Evidence-Informed Policy-Making: Are We Doing Enough?; Comment on “Examining and Contextualizing Approaches to Establish Policy Support Organizations – A Mixed Method Study”

Document Type : Commentary

Authors

1 Department of Health Policy and Management, Guilford Glazer Faculty of Business and Management and Faculty of Health Sciences, Ben-Gurion University of the Negev, Be’er Sheva, Israel

2 Israel Implementation Science and Policy Engagement Centre, Ben-Gurion University of the Negev, Be’er Sheva, Israel

3 Institute of Health Policy Management and Evaluation, Dalla Lana School of Public Health, University of Toronto, Toronto, ON, Canada

4 Department of Epidemiology, Biostatistics and Community Health Sciences, Faculty of Health Sciences, Ben-Gurion University of the Negev, Be’er Sheva, Israel

Abstract

In their study of manifestations of policy support organizations (PSOs), Al Sabahi et al found that PSOs are united in their goal to support evidence-informed policy-making (EIPM), albeit with differing approaches. Their article is an important contribution to the body of research on evidence utilization and implementation. The unprecedented evidence climate presented by coronavirus disease 2019 (COVID-19) provides a unique window to motivate EIPM implementation. Research such as Al Sabahi and colleagues must prompt a dialogue regarding how best to address some of the current shortcomings in the field of EIPM. Monitoring and evaluation of best practices in EIPM is scarce. EIPM uptake is unsatisfactory, and the scientific community needs to ask itself why that is and what can be done. And, we should strive to develop a gradient that discerns between the convenient and the essential so countries can evaluate and pursue the policies to best address their greatest pain points through evidence.

Keywords


In their recent article, Al Sabahi et al explore the views, experiences, and objectives of policy support organizations (PSOs) across the World Health Organization (WHO) regions. While they found that PSOs are all united in their goal to support evidence-informed policy-making (EIPM), the approaches to achieve this goal varied by organization.1

Their article contributes to the way we understand the implementation of evidence utilization. Conducting policy-relevant research, packaging the evidence in appropriate formats, encouraging an accepting climate for research use, and implementing brokering mechanisms, such as PSOs that are described in the original article, are all examples of ways to support EIPM further. While the findings of this article are extremely important, we need to sometimes take a broader perspective and ask how we can push the field of EIPM to the next level. We need to ask: what more can we do to encourage EIPM uptake? How can we improve accepted practices for the evaluation of initiatives that support EIPM? And most pressingly, how do we advance evidence-informed policies beyond where they are convenient and relatively painless to where they are crucially and urgently needed?

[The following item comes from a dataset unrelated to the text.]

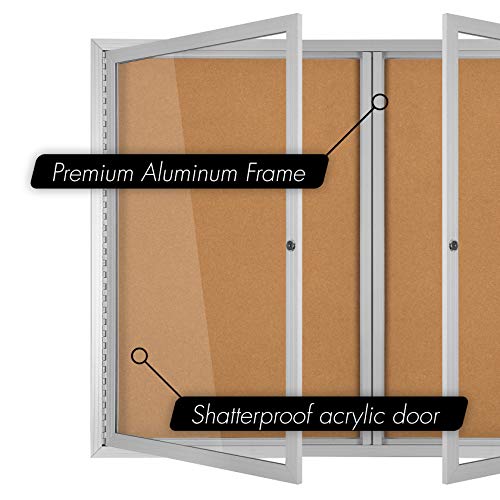 INNOVART Enclosed Bulletin Board 48”x36”, Lockable Cork Noticeboard with Aluminum Frame, Outdoor Enclosed Bulletin Board Weatherproof, Wall Display Case with Swing-Open Door Information Cabinet - Image 3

Monitoring, Evaluation, and Beyond

Among their findings, the authors concluded that the most common activities that PSOs undertake to pursue policy development include supporting learning about how to make evidence-informed decisions and synthesizing research evidence. It could be that these findings are a result of the types of approaches that have been encouraged heretofore. Synthesis of research evidence and methodologies are well established. However, we lack adequate monitoring and evaluation of current EIPM practices to know and fully understand what practices work and why. Despite this, we keep pushing forward with the currently accepted practices. Since there is so much to gain from improving and expanding the reach of EIPM, it is important to reconsider the most effective techniques for monitoring and evaluation and how best to improve these processes.

In the past two decades, there has been an explosion of interest in EIPM. It started with an awareness that patients were receiving treatments of little-known effectiveness, and the push for evidence-based medicine was born in the late 1990s. Since then, we have seen huge interest and advancement in the field of evidence-based, which later became known as evidence-informed, policy. Scientists in the field of EIPM are studying and promoting different approaches to getting evidence into action, yet the evaluations of the approaches are falling short. It is reminiscent of the adage that the ‘shoemakers’ son always goes barefoot. Academics and scientists in EIPM are doing an excellent job of promoting evidence-informed decisions. However, the methods themselves are not 100% evidence-based and not necessarily fully evaluated. While there are challenges in evaluating and monitoring methods to promote EIPM, the reality is that evaluative tools do exist. WHO EVIPnet developed a series of questions to monitor and evaluate existing programs that ask whether a given program meets current needs, whether it produces the expected results, and whether it contributes to higher-level objectives.2 Al Sabahi and colleagues’ article is a good evaluation of PSOs, and similar, additional work is necessary for the field of evidence implementation. However, while it is essential to increase our efforts to monitor and evaluate EIPM, it is these authors’ opinion that there is another component of EIPM that needs to be addressed, namely: are we doing enough? Perhaps the time has come to expand beyond evidence briefs and dialogues and implement more innovative approaches with which to encourage EIPM.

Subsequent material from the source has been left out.